Similar to the other optimizations  $ED^2AP$ , the normalized geomean had a spiky start but as more iterations were evaluated, the heuristic started to converge toward a minimized  $ED^2AP$  around  $1.87 \times 10^{-8} Js^2 mm^2$ . The best  $ED^2AP$  configuration which factors in energy, performance, and area resulted in a narrow in order processor with scattered HW configurations. It achieved the lowest value on benchmark 1 and the highest on benchmark 3.

All of the optimizations were normalized to the baseline (0, 0, 0, 0, 0, 0, 5, 0, 5, 0, 2, 2, 2, 3, 0, 0, 3, 0).

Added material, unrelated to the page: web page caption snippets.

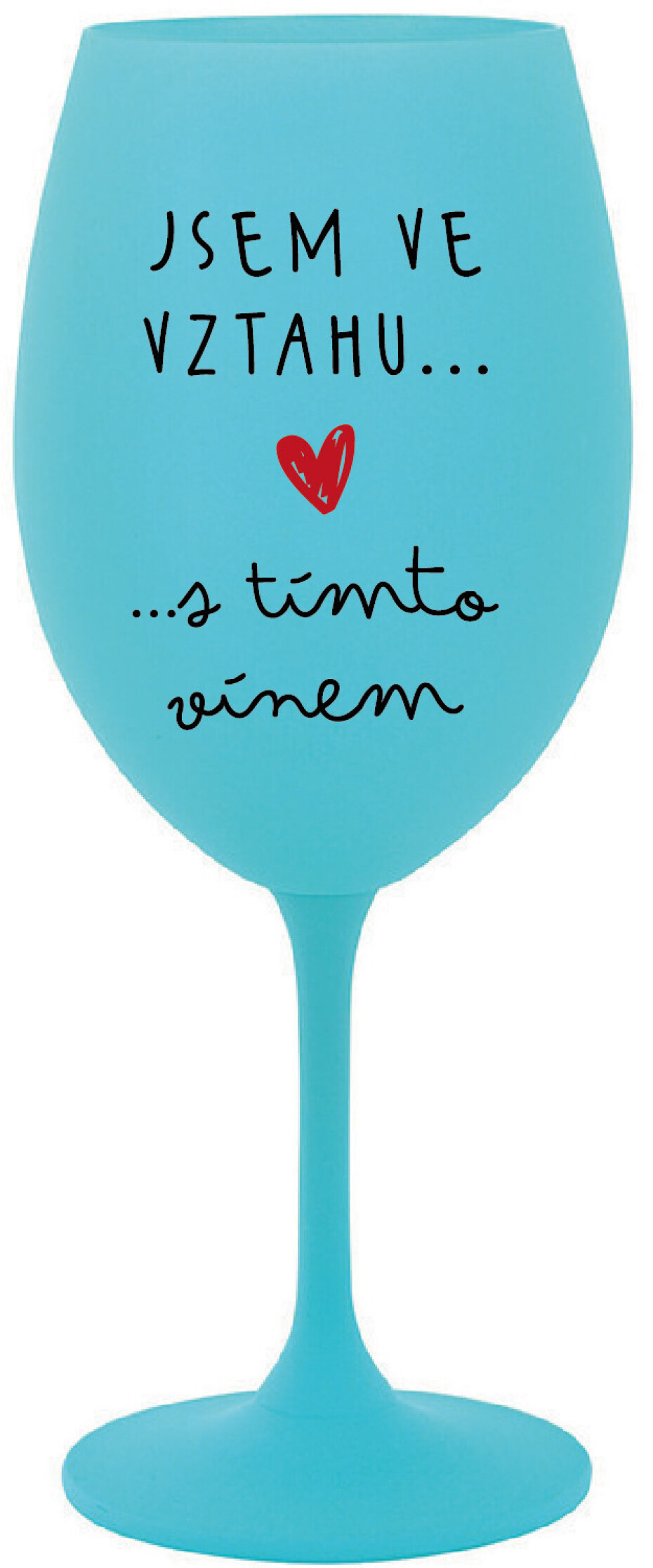 JSEM VE VZTAHU S TÍMTO VÍNEM - tyrkysová sklenice na víno 350 ml - main (0)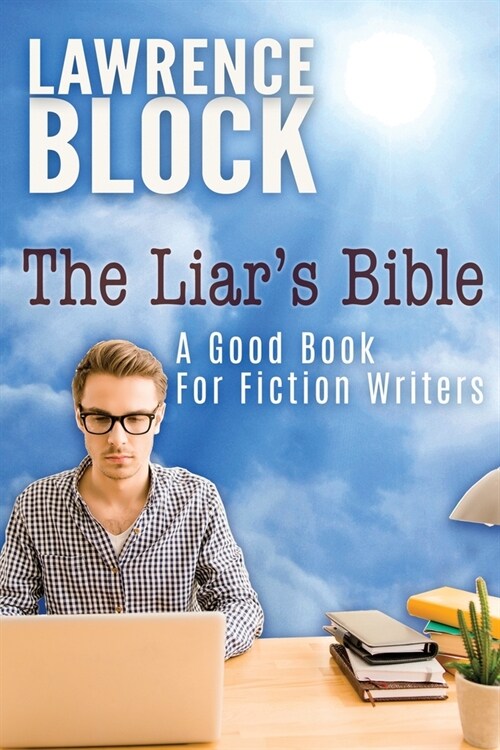 The Liars Bible: A Good Book for Fiction Writers (Paperback)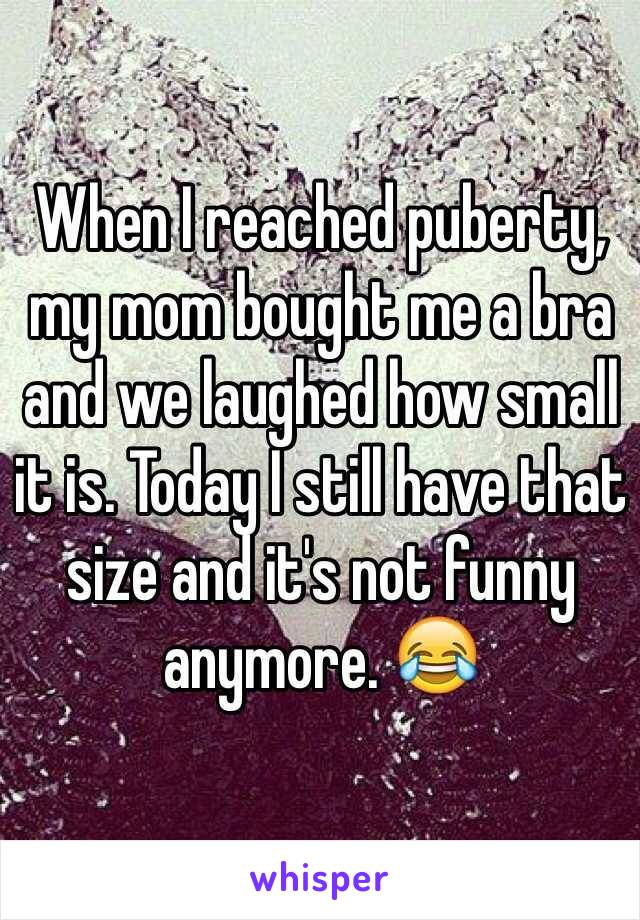 When I reached puberty, my mom bought me a bra and we laughed how small it is. Today I still have that size and it's not funny anymore. 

|                           | EDP          | $ED^2P$      | EDAP        | $ED^2AP$    | Baseline |
|---------------------------|--------------|--------------|-------------|-------------|----------|
| 0: Width                  | 2            | 4            | 1           | 1           | 1        |
| 1: Fetch speed            | 2            | 2            | 2           | 2           | 1        |
| 2: Scheduling             | out of order | out of order | in order    | in order    | in order |
| 3: RUU Size               | 128          | 64           | 16          | 8           | 4        |
| 4: LSQ Size               | 32           | 16           | 8           | 8           | 4        |
| 5: Memports               | 1            | 2            | 2           | 1           | 1        |
| 6: L1D sets               | 512          | 512          | 512         | 512         | 1024     |
| 7: L1D ways               | 1            | 1            | 2           | 2           | 1        |
| 8: L1I sets               | 1024         | 128          | 512         | 512         | 1024     |
| 9: L1I ways               | 2            | 4            | 4           | 2           | 1        |
| 10: Unified L2 sets       | 2048         | 256          | 512         | 512         | 1024     |
| 11: Unified L2 block size | 128          | 64           | 128         | 64          | 64       |
| 12: Unified L2 ways       | 2            | 8            | 2           | 4           | 4        |
| 13: TLB sets              | 16           | 8            | 16          | 64          | 32       |
| 14: L1D latency           | 1            | 2            | 2           | 2           | 1        |
| 15: L1I latency           | 4            | 4            | 4           | 2           | 1        |
| 16: Unified L2 latency    | 8            | 8            | 6           | 7           | 8        |
| 17: Branch predictor      | perfect      | Bimodal      | 2 level GAp | 2 Level GAp | perfect  |

## **Conclusion**

In this project, I explored a large space of processor configurations and designed heuristics for different optimization goals: EDP, EDAP,  $ED^2P$ , and  $ED^2AP$ . By exploiting architectural characteristics and tailoring the algorithm, I was able to find the "best" configuration across different optimizations. This project helped me better understand how microarchitectural choices affect performance, energy, and area in the real world systems.